Stata-Tex: Create custom
LaTeX tables from Stata.
It's often necessary
to produce an output table that doesn't fit any of the
format provided by the standard tools outreg, esttab,
etc.. Some examples:
- Showing p-values for differences of coefficients
- Putting certain coefficients in bold or colors
- Putting different outcome variables in the same row of a regression table
- Multi-panel tables with different formatting in each panel
Stata-tex allows you to separate the LaTeX table template from the table data. This lets you set up and compile exactly the LaTeX table you want, with placeholders for the data. Then you can generate the data separately, and transfer it into the LaTeX table automatically.

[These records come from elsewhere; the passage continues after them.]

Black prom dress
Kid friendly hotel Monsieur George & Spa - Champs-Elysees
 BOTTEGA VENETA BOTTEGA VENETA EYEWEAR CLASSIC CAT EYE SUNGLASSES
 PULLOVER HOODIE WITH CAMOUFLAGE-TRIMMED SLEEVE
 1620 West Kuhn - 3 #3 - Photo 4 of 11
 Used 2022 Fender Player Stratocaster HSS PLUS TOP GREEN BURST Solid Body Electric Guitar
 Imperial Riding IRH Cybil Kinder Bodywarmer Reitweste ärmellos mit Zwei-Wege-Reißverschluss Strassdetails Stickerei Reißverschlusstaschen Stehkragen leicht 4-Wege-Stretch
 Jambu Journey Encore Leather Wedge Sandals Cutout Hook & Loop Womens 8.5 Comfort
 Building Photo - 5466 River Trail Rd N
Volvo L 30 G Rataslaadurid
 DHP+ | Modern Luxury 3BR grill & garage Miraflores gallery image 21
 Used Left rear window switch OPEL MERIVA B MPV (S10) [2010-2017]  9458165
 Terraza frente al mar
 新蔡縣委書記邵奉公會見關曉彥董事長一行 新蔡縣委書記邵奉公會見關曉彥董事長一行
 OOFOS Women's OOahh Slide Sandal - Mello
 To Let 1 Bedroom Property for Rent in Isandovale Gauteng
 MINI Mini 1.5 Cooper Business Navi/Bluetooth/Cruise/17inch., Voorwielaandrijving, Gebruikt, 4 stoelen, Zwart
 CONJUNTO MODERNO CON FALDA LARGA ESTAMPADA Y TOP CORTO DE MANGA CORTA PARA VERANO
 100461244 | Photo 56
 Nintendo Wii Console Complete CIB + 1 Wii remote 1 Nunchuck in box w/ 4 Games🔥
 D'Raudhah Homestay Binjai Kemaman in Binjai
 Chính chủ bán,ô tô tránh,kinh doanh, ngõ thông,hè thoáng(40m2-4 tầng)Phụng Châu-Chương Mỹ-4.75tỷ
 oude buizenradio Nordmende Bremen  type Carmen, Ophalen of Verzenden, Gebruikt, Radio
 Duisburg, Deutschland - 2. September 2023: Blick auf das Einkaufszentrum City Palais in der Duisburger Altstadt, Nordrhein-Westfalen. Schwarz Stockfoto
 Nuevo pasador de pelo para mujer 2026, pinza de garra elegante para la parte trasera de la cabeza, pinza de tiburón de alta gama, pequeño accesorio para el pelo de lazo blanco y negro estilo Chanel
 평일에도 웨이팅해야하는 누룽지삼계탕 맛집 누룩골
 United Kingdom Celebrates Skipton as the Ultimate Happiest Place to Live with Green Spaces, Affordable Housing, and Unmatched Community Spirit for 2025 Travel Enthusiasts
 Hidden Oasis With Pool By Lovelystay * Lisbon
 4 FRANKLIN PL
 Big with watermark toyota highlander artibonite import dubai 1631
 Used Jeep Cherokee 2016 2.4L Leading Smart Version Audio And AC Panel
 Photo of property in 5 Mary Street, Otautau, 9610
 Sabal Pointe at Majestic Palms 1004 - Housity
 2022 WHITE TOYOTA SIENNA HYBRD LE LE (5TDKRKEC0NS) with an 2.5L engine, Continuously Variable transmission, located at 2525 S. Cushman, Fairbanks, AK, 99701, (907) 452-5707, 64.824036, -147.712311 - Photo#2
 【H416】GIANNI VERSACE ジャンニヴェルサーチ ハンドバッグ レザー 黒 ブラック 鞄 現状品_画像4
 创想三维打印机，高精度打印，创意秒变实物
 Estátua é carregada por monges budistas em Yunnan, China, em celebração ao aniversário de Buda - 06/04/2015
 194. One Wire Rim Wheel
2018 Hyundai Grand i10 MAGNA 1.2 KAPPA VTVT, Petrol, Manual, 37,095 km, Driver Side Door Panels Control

Masala Merge: Fuzzy matching of Hindi (or any) names.
This is
Python and Stata code for fuzzy merging Hindi names. The
algorithm is based on the Levenshtein edit distance
algorithm, which calculates the number of edits,
deletions and insertions required to get from one word
to another. We modified this to lower the cost of
certain substitutions that are common to Hindi,
e.g. KS->X would have a cost of 2 in Levenshtein - we
assign it a cost of 0.2. Modifying this code for another
language consists only of changing this list of costs.
In addition to calculating edit distances, the program usees a default set of "smart" thresholds to determine which fuzzy matches to accept and which ones to reject. The premise is that you can tolerate a higher edit distance when matching very long words. The smart thresholds also reject matches if the next nearest match is very close - even an exact match should be considered uncertain if there's another very close match.
We calibrated costs, common substitutions and smart
distance thresholds by analyzing results from
a set of 500,000 known village name matches from the 1991 and
2001 population censuses. Higher or lower thresholds
may be desirable depending on what you are trying to
match. We use very conservative thresholds; we put a
much higher cost on incorrect matches than on missed
matches. You can raise or lower all thresholds
proportionately with the fuzziness()
parameter. The
default is 1.
There might be a better fuzzy matching program out there
- if so, please let me know about it! On location name
matches, masala-merge consistently outperforms Stata's
reclink
. But reclink
's string similarity algorithm is
going to do better, for example, if you want to match
"Dell Inc." to "Dell Incorporated".
If you want to optimize this for another language, please let me know about it! Just a few lines need to be changed (but you need to figure out the common substitutions), and I'd be happy to post the new language function here.